Results Only Work Environment, or ROWE, is a management strategy adopted by Best Buy where employees are paid for productivity, not just activity. A Results Only Work Environment focuses on achievement instead of solely being at work.
Employees control their own work calendars and the focus is on how much work they get done, not when they accomplish it. There are many pros and cons for this type of work environment:
Pros of ROWE
- Disciplined, focused employees thrive.
- Employees strike the right balance of personal and work life.
- Reduces the likelihood your best employees leave for a more flexible work environment.
- Firms who properly implement report a major increase in productivity.
Cons of ROWE
- Can be difficult to manage.
- Employees who are not disciplined find it difficult to work in this type of environment.
- Internal push back from some employees.
- Difficult in some work environments, e.g. customer service, manufacturing or retail.
At Best Buy, where ROWE was coined the strategy fully implement, productivity increased 35% in departments which implemented the management strategy. Best Buy reports voluntary turnover – people choosing to leave on their own – dropped from 22% to 2%. Meanwhile, involuntary turnover, firing employees who weren’t productive, increased 77%. Like GE before them, Best Buy saw the benefits from pruning the bottom performers from its workforce.
What is ROWE?
There are many misconceptions as to what ROWE is and is not. Let’s start with what ROWE is not:
- A work at home concept.
- Effective in companies where the management team is obsessed with the time clock.
ROWE is a concept for firms who want to allow their employees to work any schedule they desire, to forgo mandatory meetings, to permit employees to work flexible schedules as long as the employee achieves the goals required. Do whatever you want, wherever you want, as long as the work gets done.
Phase 1: Department Buy-In and Work Process
The first phase in a ROWE implementation is to decide which departments go first. An entire department should move to ROWE so that individual employees do not feel targeted or separate from their coworkers. Best Buy accomplished this by voting to implement ROWE by teams and enlisting “friendly faces” in each team to promote the concept.
Once a team has been identified to move to ROWE, start out by implementing an online calendar where employees can log their schedules and where they are to help the transition to ROWE. If coworkers know where people are and when they are working, it can help smooth the inevitable bumps which will occur. Most teams will find that after a period of time, the calendar will no longer be needed.
You will need to hold sessions with employees implementing ROWE to explain how it works.

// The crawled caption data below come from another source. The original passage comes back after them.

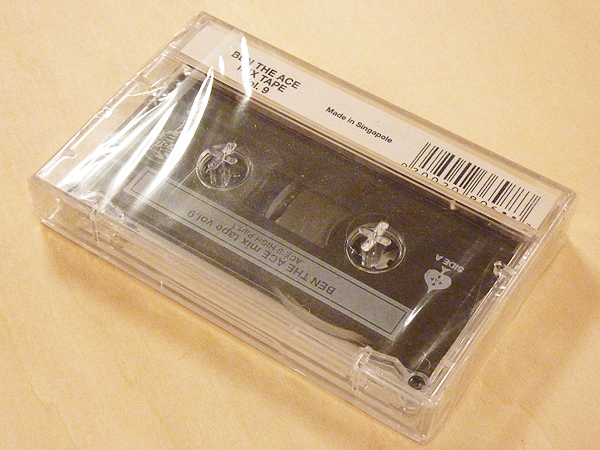 Ben The Ace Ace\'s High Part.1 unopened cassette tape Mix Tape vol.9 Hip Hop Ben The Ace 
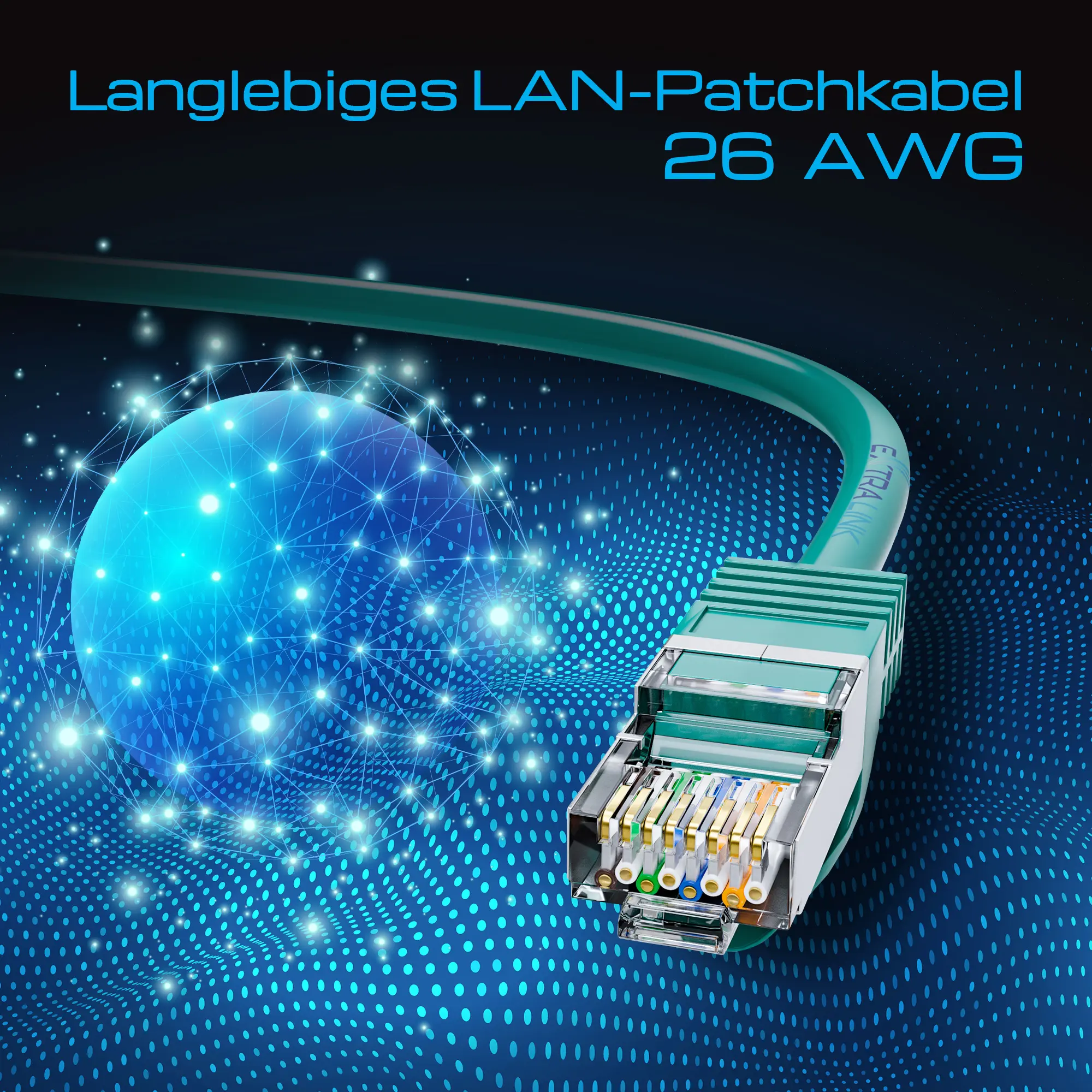 Patchkabel 6 FTP 0,5m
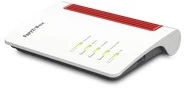 FRITZ! Carruzzo Box 7630 belaidis maršrutizatorius 2.5 Gigabit Ethernet Dviguba juosta (2,4 GHz / 5 GHz) Balta, Raudona
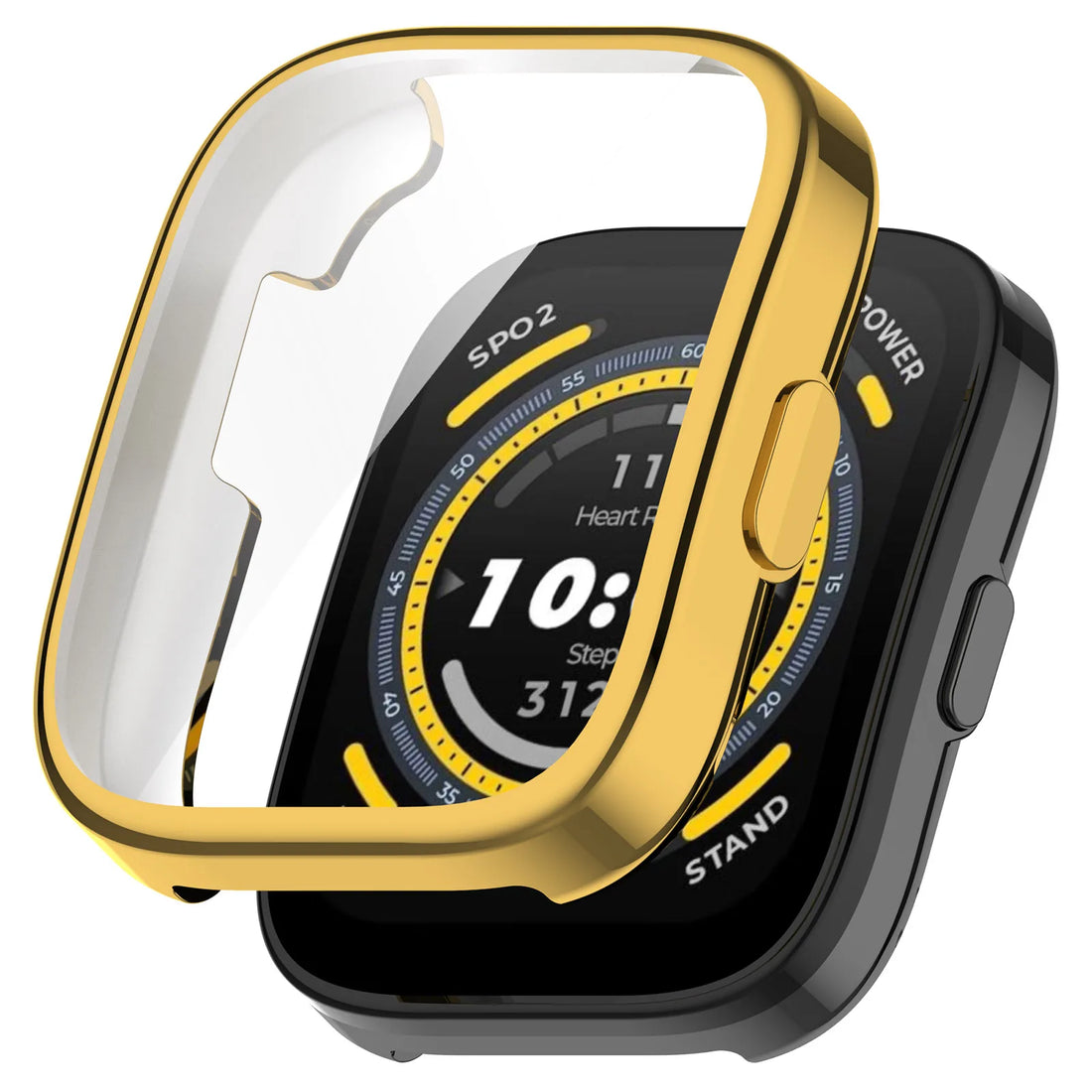 Smart Watch Protective Case For Huami Amazfit Bip5(A2215) Anti-fall Soft TPU Shell Full Bumper Cover Silicone Protector Accessor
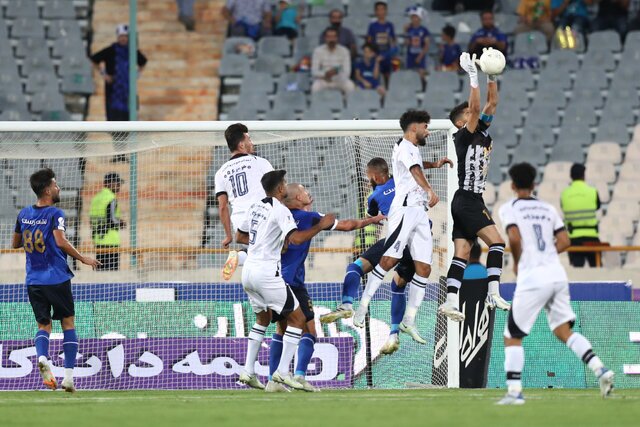 آمارهای هفته پنجم لیگ برتر فوتبال/ پرسپولیس و سعید صادقی بهترین عملکرد+عکس آمارهای هفته پنجم لیگ برتر فوتبال/ پرسپولیس و سعید صادقی بهترین عملکرد+عکس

Employees will need to understand:
- ROWE is a new way of approaching employees schedules, productivity, and business.
- Departments which implement ROWE need to not focus on timesheets, who’s in first, who stays late, and all of the stigma attached with employees who do not work long hours. The focus is now on productivity – getting the job done.
- Mandatory meetings where employees must be present will interfere with ROWE. Some meetings are ok – do the rest via conference call.

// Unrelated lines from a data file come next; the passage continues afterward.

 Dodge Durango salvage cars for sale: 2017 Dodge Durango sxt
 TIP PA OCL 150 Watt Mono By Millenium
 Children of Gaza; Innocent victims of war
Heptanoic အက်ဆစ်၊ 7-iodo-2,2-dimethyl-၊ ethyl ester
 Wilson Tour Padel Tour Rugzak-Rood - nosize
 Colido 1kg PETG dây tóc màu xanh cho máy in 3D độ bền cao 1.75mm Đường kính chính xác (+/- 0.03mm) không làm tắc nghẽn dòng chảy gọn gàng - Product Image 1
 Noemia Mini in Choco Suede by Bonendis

- Non-exempt employees must, by federal law, complete a time sheet of how many hours they worked to comply with over time rules. Your company will need to decide how to best comply and still implement ROWE for non-exempt employees.
- You cannot push your workload onto another employee who comes into the office.
Phase 2: Adjusting to Your New Schedules
ROWE focuses on productivity and results, so employees and managers will need to work together to address the goals and requirements of each job to ensure the employee is producing while able to take advantage of the benefits of working under ROWE. Employees will need to learn how to not work 24 hours – ROWE is not meant to increase your workload to the breaking point, but instead to shift your work into different times, provide the flexibility to work your own schedule, and provide an opportunity to the truly efficient and productive workers to condense working into less time.
As a manager, you will need to learn how to manage people, their goals, and tasks while they are working flexible schedules. This is one of most difficult processes of implementing ROWE and you may find that some of your managers and supervisors are not up to the task. Some employees will not survive the transition to ROWE and you will need to deal with those situations as they arise.
Phase 3: Implement in the Next Department
Next, we will move into the next department that desires to move to the ROWE model and implement this work strategy. We recommend implementing a department at a time – move towards the ones that have “bought in” to working in ROWE and will provide the less resistance. Over time, as managers and employees see the benefits of ROWE in action, the migration will be easier.
ROWE isn’t for every company (though ROWE consultants will insist it is!), but it can make a big difference in productivity and employee satisfaction in the firms that implement it.